In DCIS, HER2 Status May Predict Development of Invasive Breast Cancer


May 28, 2009 — Cases of ductal carcinoma in situ (DCIS) that overexpress the protein HER2/neu are much more likely to develop into invasive breast cancer than DCIS without the overexpression, according to a new study.

Analyzing biopsies of 106 women diagnosed with DCIS, researchers from the University of Pennsylvania found that 37% of the women had DCIS that overexpressed HER2 and that the likelihood a woman with DCIS had early invasive disease was 6.4-fold higher when a tumor overexpressed HER2.

The study appears in the May issue of Cancer Epidemiology, Biomarkers & Prevention.

Not all DCIS is the same.
"Not all DCIS is the same," said study senior author Brian Czerniecki, MD, PhD, codirector of the Rena Rowan Breast Center at the University of Pennsylvania in Philadelphia, in a press statement.

He explained that the patients in the study were not followed over time, but instead were analyzed at a single point in time after a diagnosis of DCIS.

"We merely asked, in a group of patients with clinical presentation of DCIS, how often and what predicts whether you see early invasive cancer develop," Dr. Czerniecki told Medscape Oncology.

Dr. Czerniecki illustrated 1 potential affect of the findings: "From a practical standpoint, if you know that a patient has a greater chance of invasive cancer when you're doing a lumpectomy or mastectomy, then you might want to do a sentinel node biopsy, because there is a greater chance the cancer has spread to the lymph nodes," he said.
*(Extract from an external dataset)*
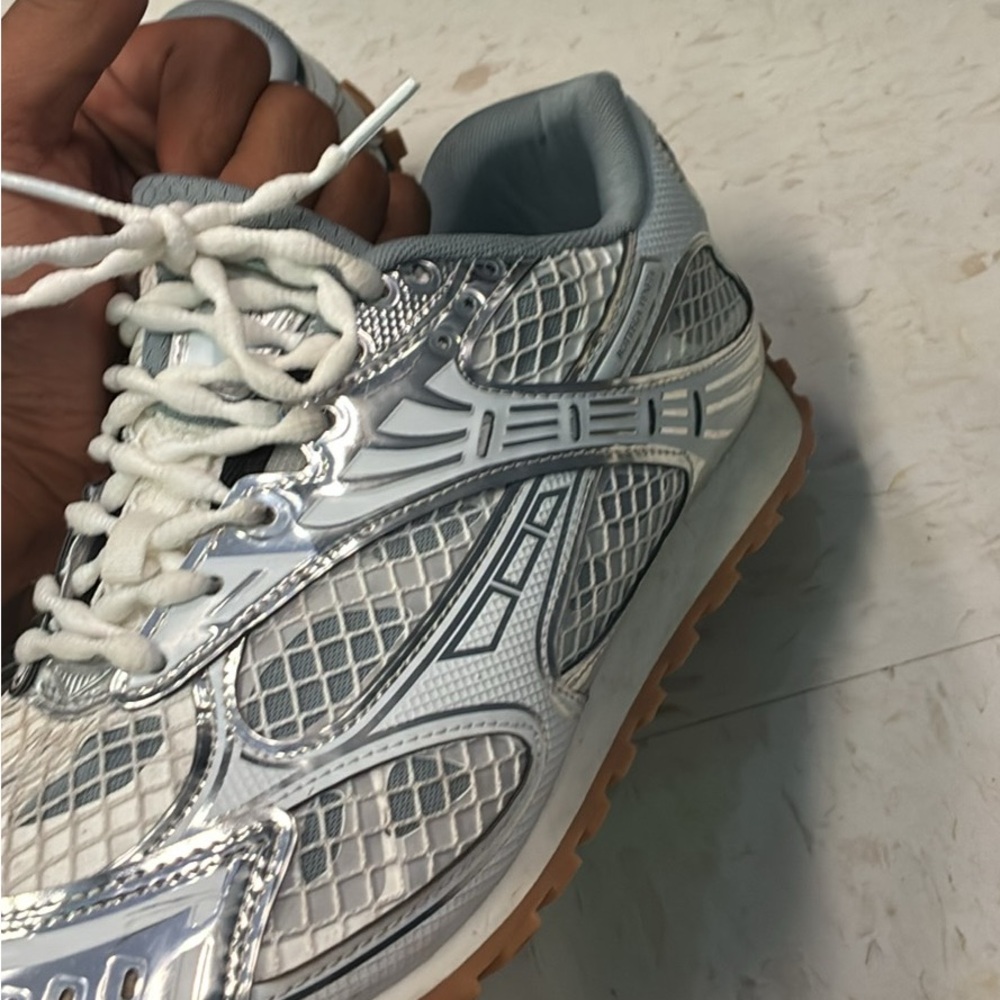 Bottega Veneta White and Silver Sneakers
However, the study needs to be validated by additional investigation, write Dr. Czerniecki and his coauthors.

Nevertheless, the authors suggest that targeting of HER2 in an early disease setting may forestall or prevent disease progression. "If HER2 is associated with invasion or plays a role in the development of invasive disease, then maybe targeting it early can keep people from moving from DCIS to invasive cancer," said Dr. Czerniecki.

Study Details

In this study of women who were diagnosed with DCIS between 2003 and 2007 at the University of Pennsylvania, the mean patient age was 53.4 years. Their biopsy specimens were diagnosed either by core needle biopsy or by needle localization biopsy, and were subjected to immunohistochemical staining for HER2, estrogen-receptor (ER), and progesterone-receptor (PR) expression.

Lesions were characterized as luminal A (ER positive or PR positive, HER2 negative), luminal B (ER positive or PR positive, HER2 positive), HER2 positive (ER negative and PR negative, HER2 positive), or basal-like (ER egative, PR negative, and HER2 negative).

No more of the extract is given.